Iheartmyboss 2015-Aug23
Over the years Richard and I have been fairly critical (justifiably so) of nonprofit management, especially managers of major gift officers. It’s a tough job, and there are many MGOs out there who really desire to have a good manager that encourages them, lifts them up and holds them accountable.
But today, I’d like to speak to the MGO and focus on how you can truly delight your boss or manager. Because we work with so many MGOs and their managers on a daily basis, we feel we have your pulse. Many times we’ll have MGOs come up to us and ask, “What do I really need to do to be successful?”
Well, I’m going to outline it all out for you. Follow these five bits of advice for how to delight your boss. Not only will you impress your boss, but your donors will be taken care of as well, and you will feel accomplished.
Here’s how to delight your boss:

  1. Work your plan. This is the first thing I tell MGOs when they ask me “how to get a promotion” or “how do I prove to my boss that I’m good.” Notice that I didn’t start off by saying, “meet your revenue goal.” Richard and I would rather have you work your strategic plan for every donor, because we know that if you do, 95% of the time you’ll make your goal. And if you worked your plan and didn’t make your goal, and we know exactly why… then you’ve done your job. If there were only one thing you could do to delight your boss, this would be it. You can do all the other things I’m going to suggest and if you don’t do this, you’ve failed your boss, yourself… and your donors.
  2. Be proactive. Nothing is worse for a manager than having an MGO who has to be told or reminded what they should be focusing on every day. Being passive and “not on it” can drive a manager nuts. If you’ve developed your plan, there is no reason for you to be wandering around wondering what to do next. Now if it’s about asking advice on the next step for a donor, THAT’s what a manager wants to help you with – but not having to worry if you’re out visiting your donors.
  3. Communicate. Next to being proactive, if you want to delight your boss, making sure you’re communicating key information about your donors is critical. I’ve known MGOs who “hide” things from their bosses because they fear something bad will happen to them. Note: Anytime you hide anything, it’s going to come back to bite you. Also Note: Bosses, if your MGO is afraid that something bad will happen, perhaps you need to check your management style. If you can proactively communicate with your boss about your caseload, you will create trust with your boss. Your boss will know that you didn’t make your revenue goal for the month because your donor is planning on giving their gift next month. Or she will know that you have to lower a goal for one of your donors because he lost his job. You would not believe how many MGOs get into trouble because they don’t communicate with their managers. We always promote “getting it out into the light.” This is always the best approach.
  4. Get out — of the office, that is. Delighting your boss means not having them see you in the office much. Your boss would be very happy barely seeing you walk the halls of your organization. This would mean that you are out in front of your donors establishing relationships with them. Seriously, Richard and I have had managers talk about how they are worried whether one of their MGOs is “going to make it” because he is always at his desk.

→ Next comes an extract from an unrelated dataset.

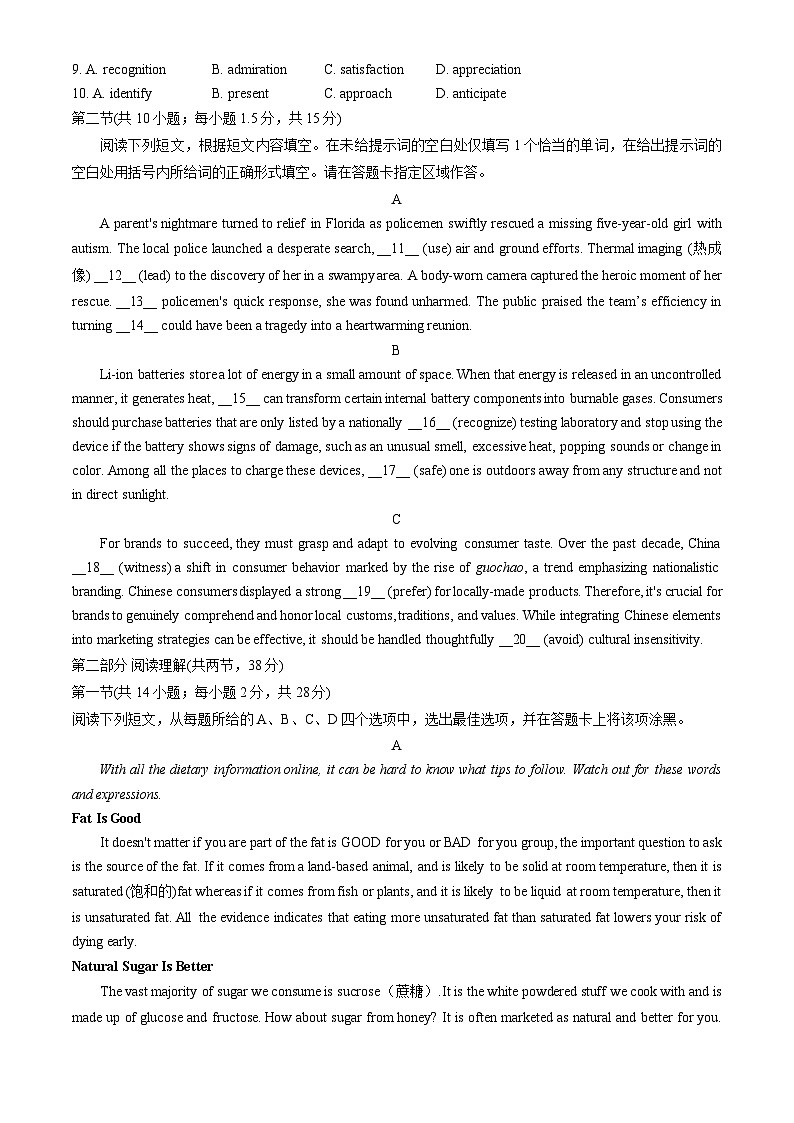 2024北京海淀高三一模英语试卷02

  5. Document everything. Every day, managers are tearing their hair out because they constantly have to bug their MGOs to enter conversations and donor information into the database. If you could be known as the MGO that not only is loved by her donors, but also is up to date with all her information in the database… you will be apple of your manager’s eye. And here is a little insight, MGOs: your manager actually expects that she will have to bug you about this, so if you can do this without her having to get all over you about it, you’ll be talked of highly in every management meeting.

I guarantee that if you do these five things, you will be considered a “rock star” MGO. But more than anything, it will be your donors and your organization who will benefit. Yes, you’ll get rewarded, but your donors will be rewarded as well. That is ultimately what it’s all about.